Fabienne Kadooka : Très bien, nous sommes très satisfaits. Le gouvernement va dans le même sens que nous. Nous souhaitons qu’une réflexion soit menée afin que nous trouvions des solutions aux problèmes des violences. Un groupe de travail va être créé et il sera justement chargé de travailler sur les actions que l’on pourrait mettre en œuvre rapidement.

L’augmentation de ces violences est- elle une réalité qui se traduit au niveau des chiffres ?

Oui, tout à fait. Les chiffres montrent clairement une augmentation des violences dans les établissements scolaires. Et aujourd’hui, on observe qu’elles ne concernent plus seulement les élèves entre eux mais aussi les surveillants, les professeurs et même les proviseurs. On a même des enseignants en primaire qui sont victimes de violences.

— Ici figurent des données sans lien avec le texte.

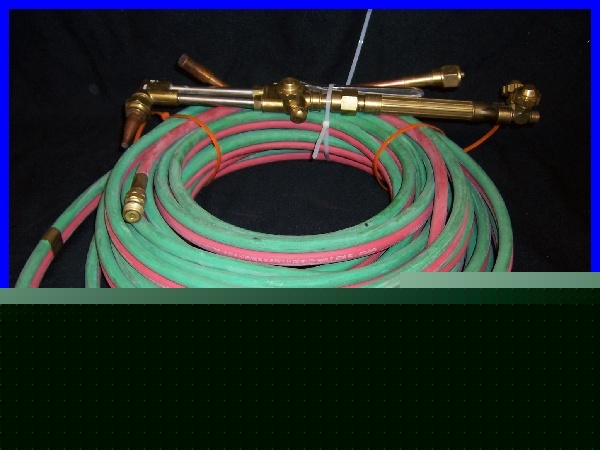 Uniweld 8F42 brass torch, 6-fma tip, w/hoses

Y a-t-il des mesures que l’on peut mettre en œuvre rapidement ?

Il faut que l’on redonne déjà ne serait qu’un cadre, au niveau de la tenue par exemple, la tenue correcte. Après, on a aussi les patrons qui nous disent qu’ils aimeraient bien que l’école apprenne à s’habiller correctement. Lors des entretiens d’embauche, ils voient encore très souvent des gens venir en claquette, avec une capuche. Si on ne leur apprend pas ça, comment voulez-vous que dans le monde du travail ils fassent autrement et soient reçus à un entretien d’embauche.

L’idée générale qui est donc ressortie de la réunion est la mise en place d’un groupe de travail…

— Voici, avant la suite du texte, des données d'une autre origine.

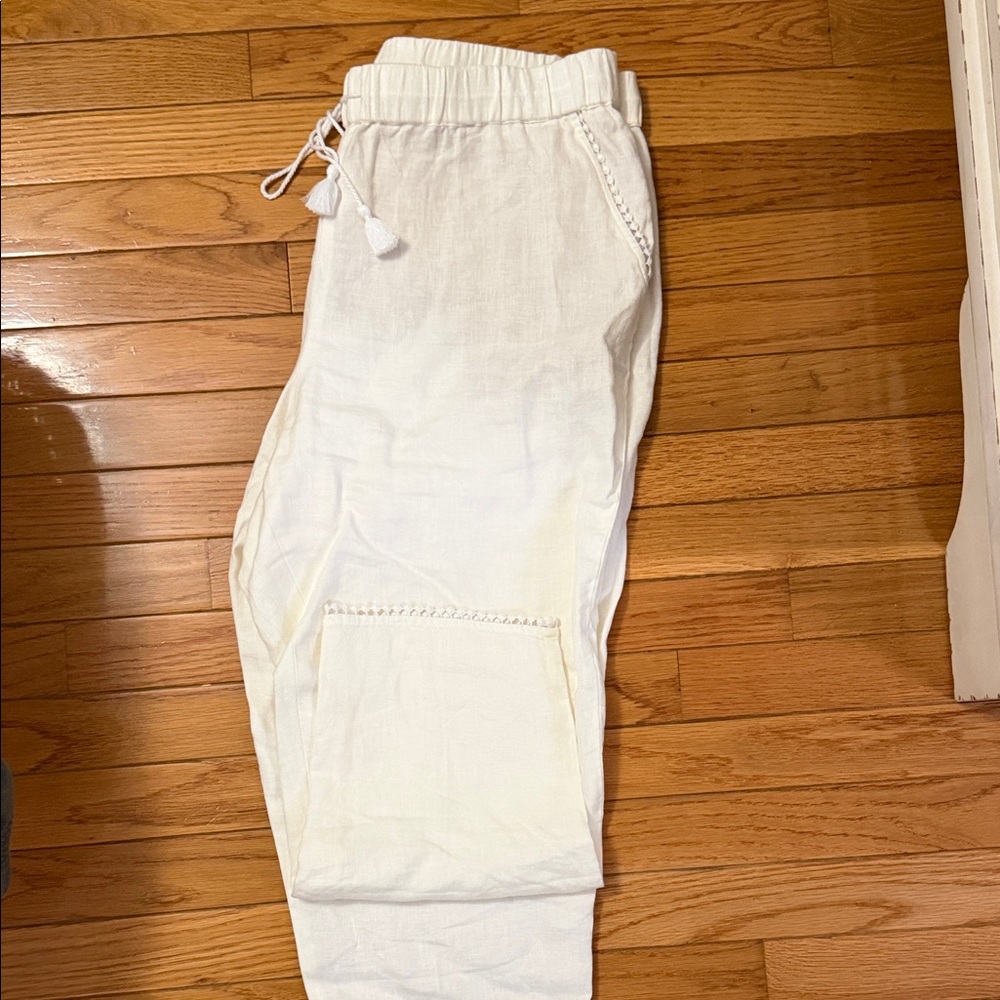 Talbots Cream Linen Pants with Tassel Accents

Ce qui nous a rassurés aussi, c’est que le président du gouvernement a assuré qu’il voulait redonner de l’autorité à l’école, à l’enseignant, ce que l’on a connu nous. Notre génération a connu ça, nous avions le respect de l’enseignant et l’on craignait un peu tous l’enseignant parce que nous craignions nos parents derrière. Il veut absolument redonner cette autorité et estime que c’est très important de travailler là-dessus. Nous avons aussi retenu de son discours qu’il apportait tout son soutien aux enseignants. Il l’a bien répété au vice- recteur et à la directrice de DENC (direction de l’enseignement de Nouvelle-Calédonie) qu’il était important que les supérieurs hiérarchiques soutiennent les enseignants et c’est un point important.

Avez-vous justement le soutien des parents d’élèves. Parmi les manifestants devant le gouvernement, il y a des membres de l’association des parents d’élèves du lycée Lapérouse…

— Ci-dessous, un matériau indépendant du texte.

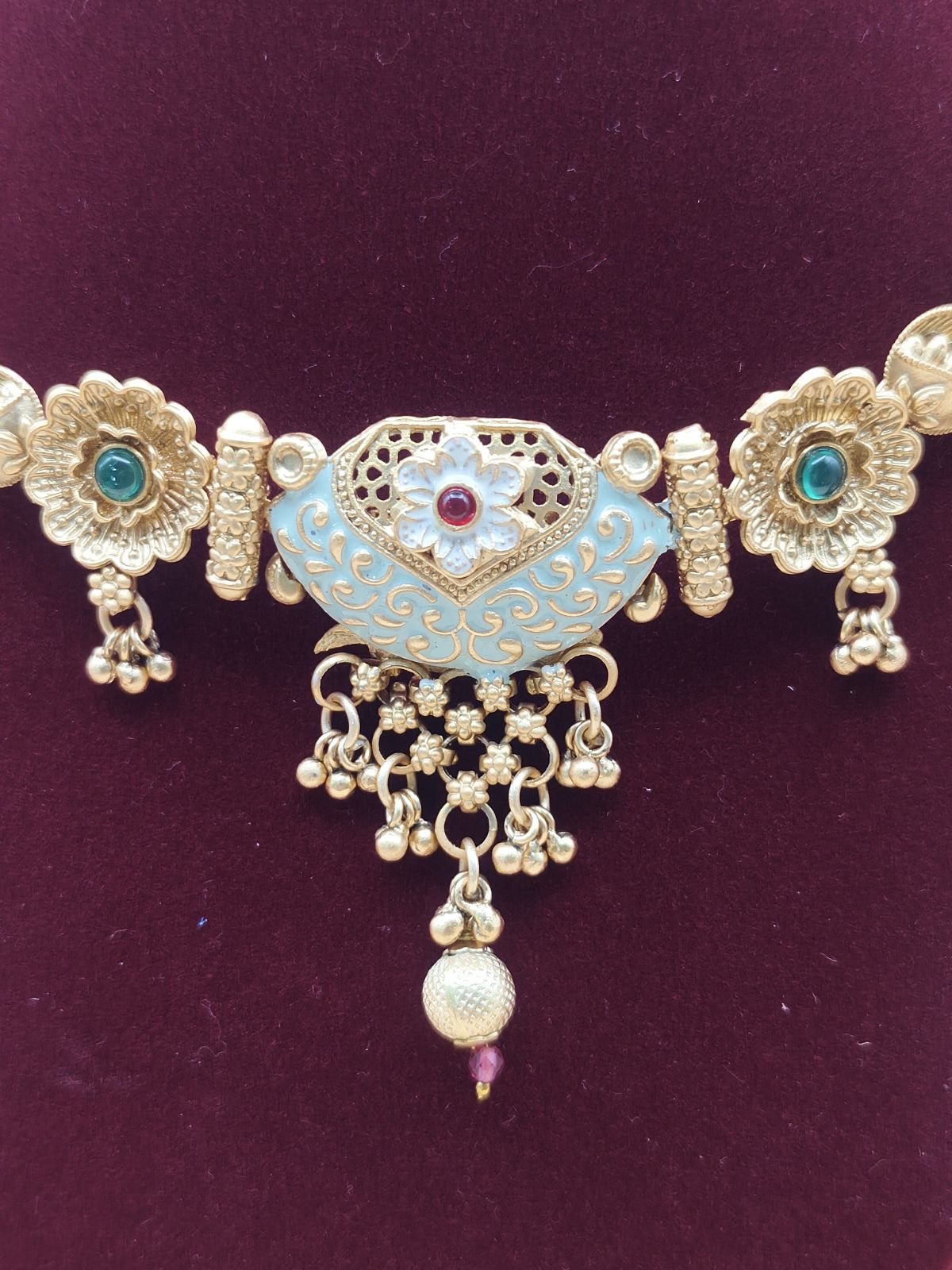 Traditional Antique Gold Coin Chain Necklace with Designer Pendant & Matching Earrings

On les remercie d’ailleurs. On ne sait pas s’il y en a d’autres mais en tout cas cette APE s’est présentée pour nous dire qu’elle soutenait notre mouvement. Il faut le dire, ces élèves qui posent problème sont une minorité et je pense que même si les parents d’élèves ne sont pas là, ils soutiennent ce mouvement et les élèves aussi. Ils le disent eux aussi, ils sont choqués par ce qui se passe dans les établissements. Donc même si les parents et les élèves ne sont pas là, je pense que quelque part, ils sont victimes de ces agressions et soutiennent ce mouvement.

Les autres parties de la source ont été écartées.